Abstract
George Wilson has defended the thesis that even impersonal third-person fictional narratives should be taken to contain fictional narrations and have fictional narrators. This, he argues, is necessary if we are to explain how readers can take themselves, in their imaginative engagement with fictions, to have knowledge of the things they are imagining. I argue that there is at least one class of impersonal third-person fictional narratives—thought experiments—to which Wilson’s model fails to apply, and that this reveals more general problems with his argument.
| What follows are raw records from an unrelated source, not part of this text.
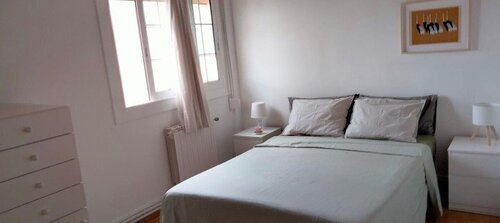 Room in a 2-person shared flat in Horta-Guinardó · 3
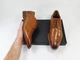 Мужские туфли GORDON & BROS 44 28.5 см 9.5 UK коричневые - изображение 2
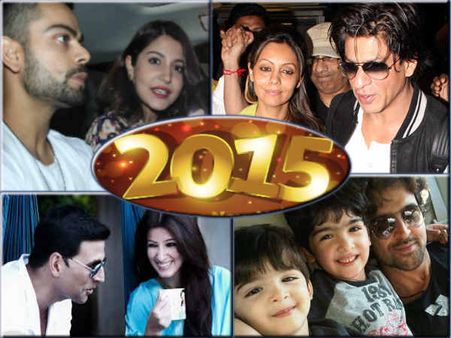 SRK दुबई तो सैफ स्विटजरलैंड, जानिए सितारे कहां मना रहे हैं New Year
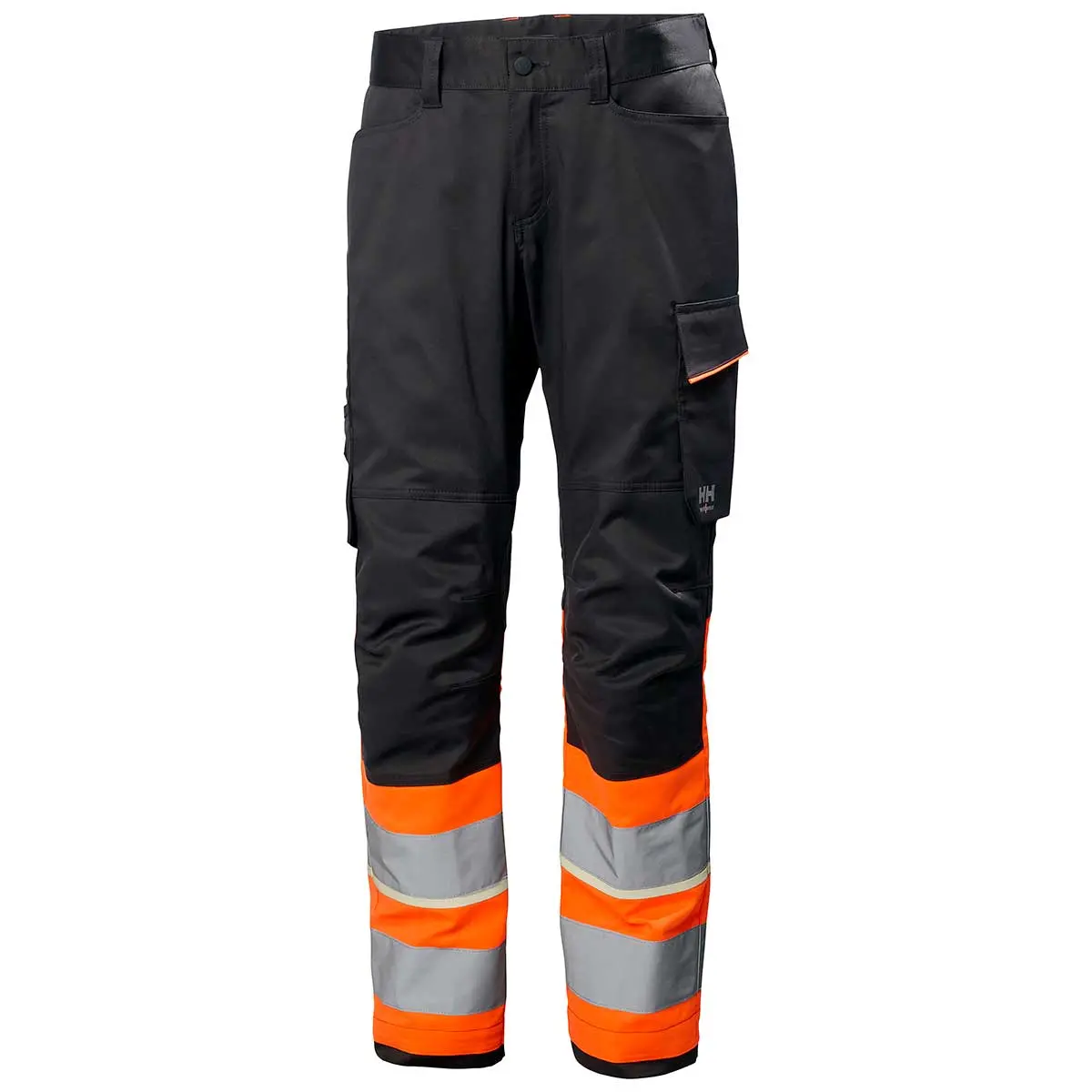 Helly Hansen UC-Me Class 1 High-Visibility Work Pants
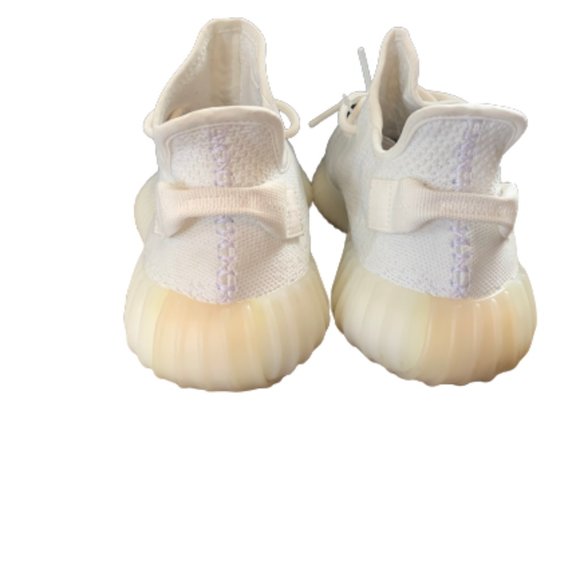 Adidas Yeezy Boost 350 V2 Cream White - Picture 4 of 6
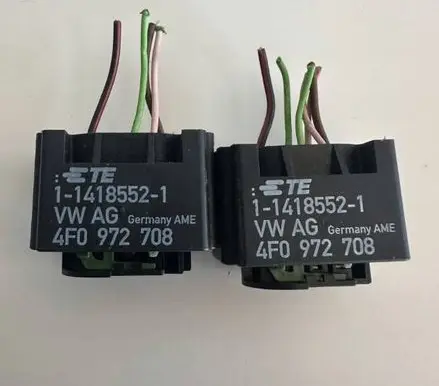 Audi Q5 SQ5 Sensor 114185521 4F0972708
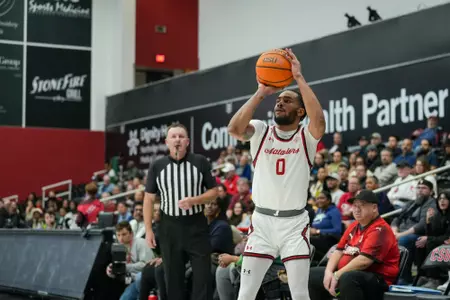 Tyler Beard vs. CP 2-15-25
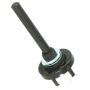 CK1051 Switch: rotary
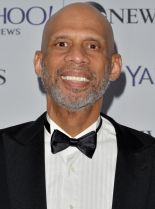 Kareem Abdul-Jabbar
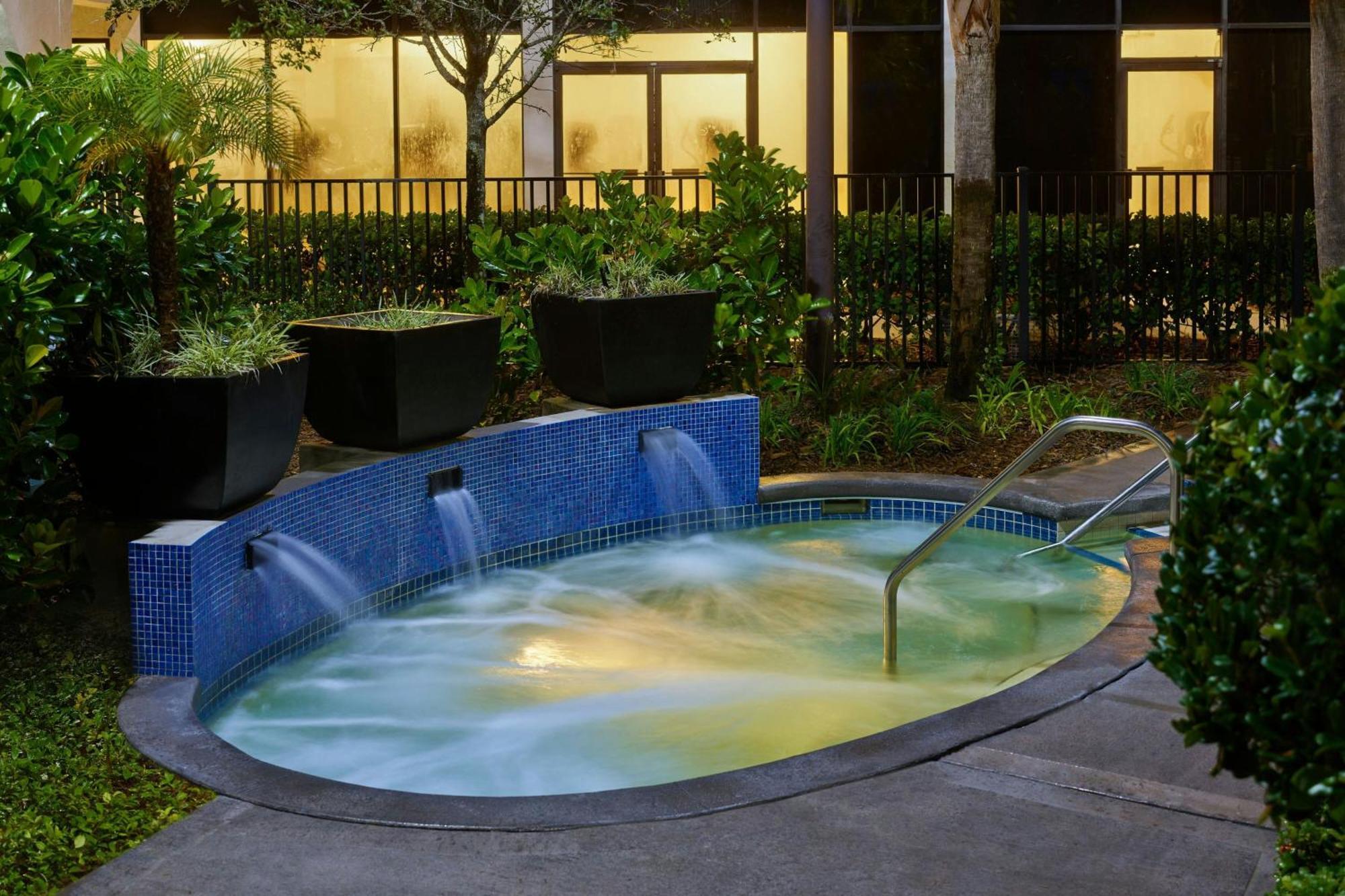 Sheraton Orlando Lake Buena Vista Resort Kültér fotó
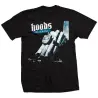 Hoods - Time... the destroyer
I further argue that there is no good reason to think that Wilson’s account applies more restrictedly to those impersonal third-person fictional narratives that feature in standard works of literary fiction.
Notes
For a critical survey of the literature on the nature of fiction, see Chap. 3 of my 2007a.
It is interesting to note that philosophical thought experiments often require the reader to imagine something happening either to herself or to the author of the experiment (e.g. Searle’s ‘Chinese Room’, or Parfit’s ‘My Division’). But, again, this is rhetorical in purpose, and the thought experiment would remain intact if formulated in terms of a relatively undeveloped fictional subject. Some philosophical thought experiments are indeed formulated in such terms, for example Putnam’s ‘Twin Earth’ thought experiments.
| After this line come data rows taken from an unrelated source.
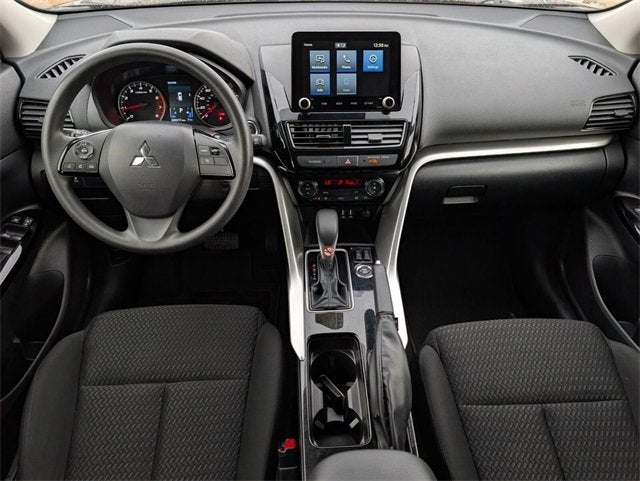 2024 Mitsubishi Eclipse Cross LE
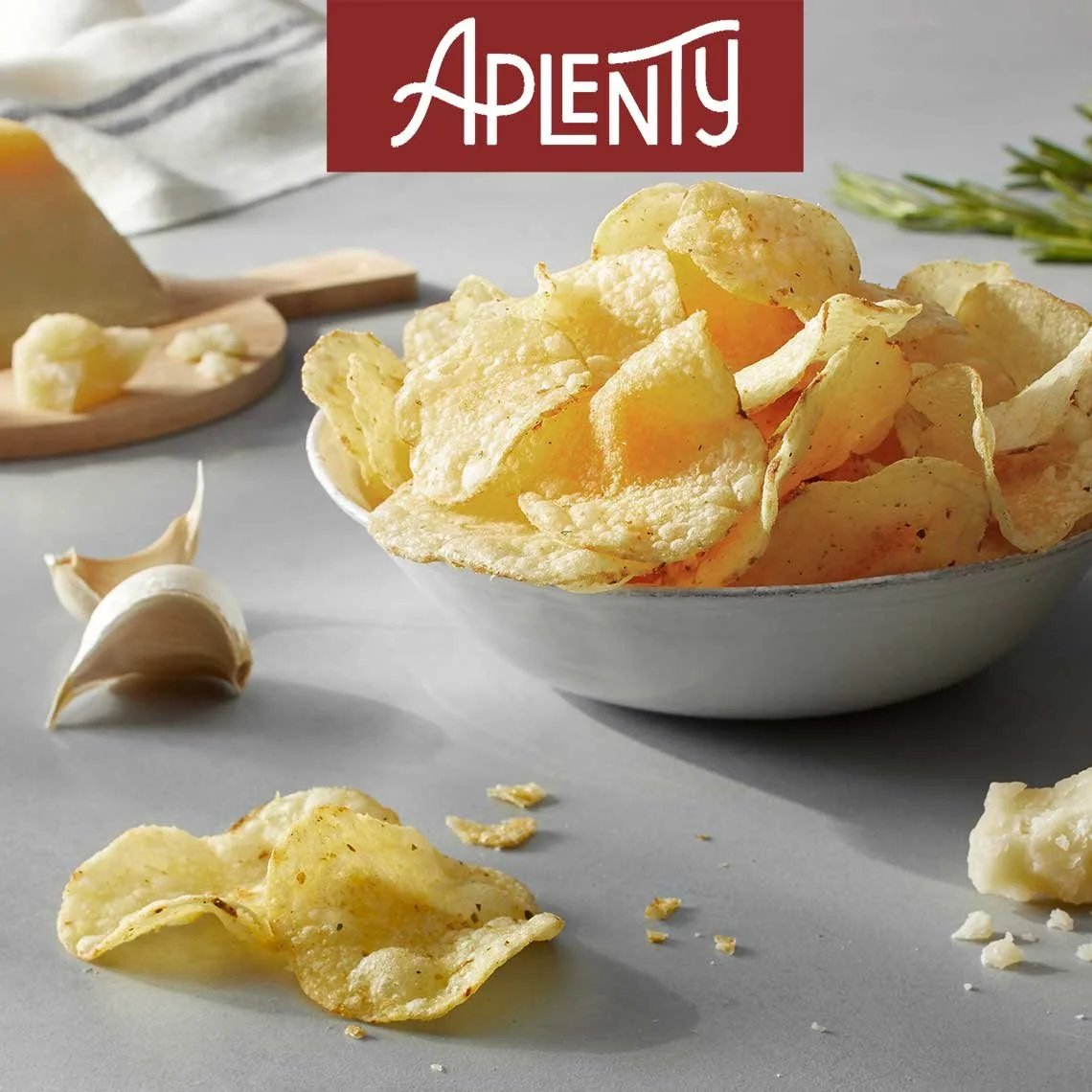 Published cookbook and editorial work by Skylar Edberg, food stylist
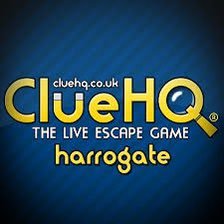 Harrogate's Live Escape Games. ⭐️ TripAdvisor 5* rated & Travellers’ Choice ‘22. Can you escape within 60 minutes? Book now ☟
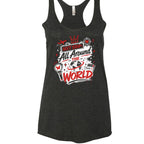 Vintage Black - 6733 - FRONT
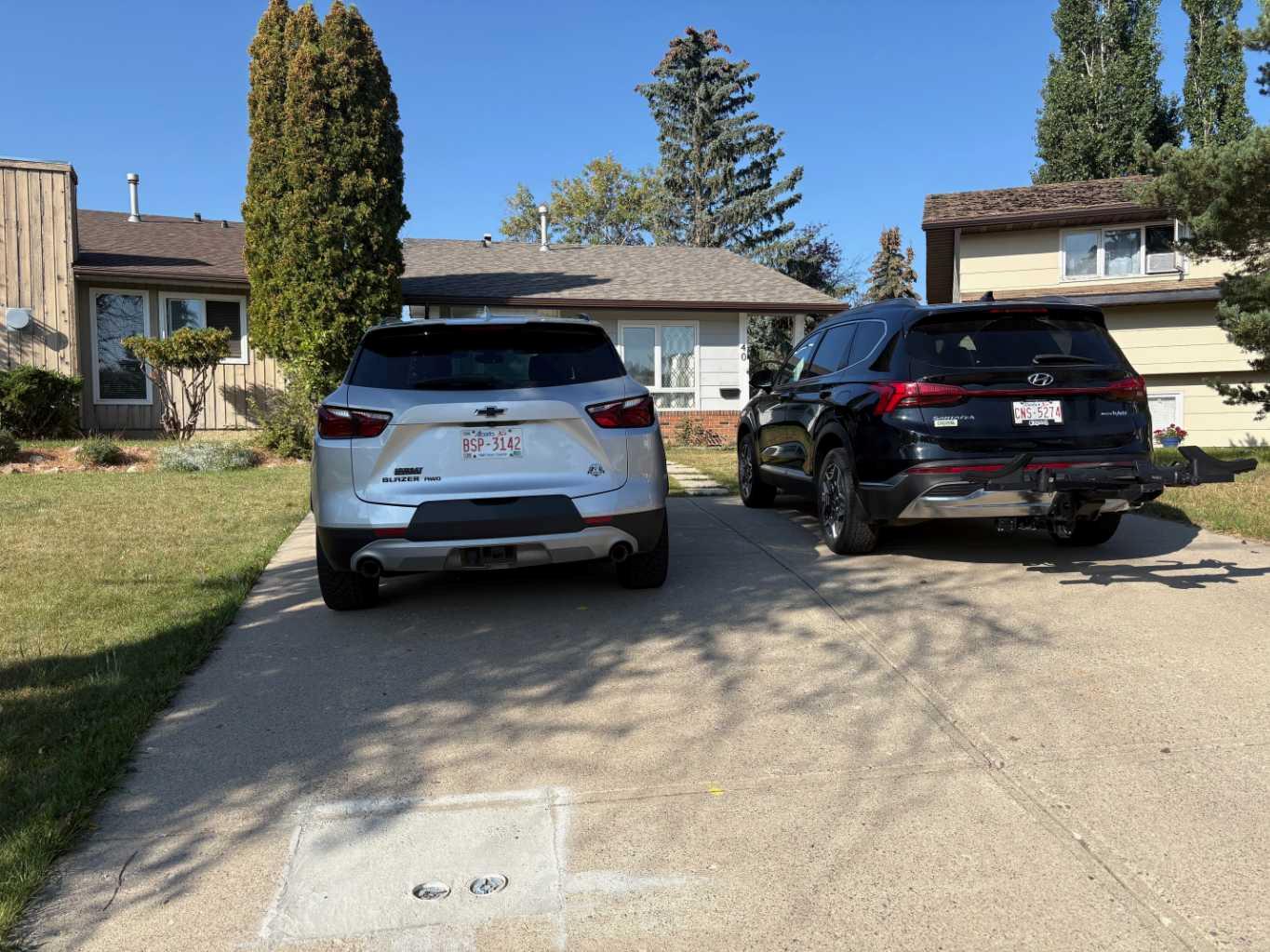 40 Cayuga Crescent W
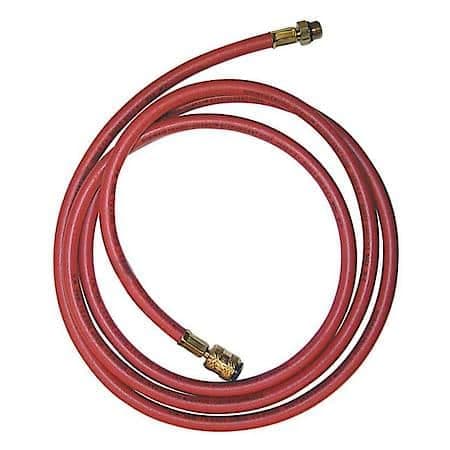 Robinair Hose A/C 96 Red R134A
For a critical overview of work on thought experiments in science, see my 2007b. In the case of perhaps the most famous scientific thought experiment, Galileo’s ‘Tower’ experiment, the thought experiment is presented in the context of a fictional exchange between two characters, Simplicio and Salviati, the former representing the Aristotelean view and the latter representing Galileo himself (Galilei 1989). So it is indeed fictional that someone presents the thought experiment. But there is no obvious need for a fictional narration in Wilson’s sense, since there is no need for us, as readers, to imagine that Salviati intends Simplicio to imagine that he (Salviati) presents the thought experiment as actual, or for us to imagine that Simplicio indeed responds with such an imagining.
On p. 37 of his 1994, Walton considers a story which contains the following sentence: “In killing her baby, Giselda did the right thing; after all, it was a girl.”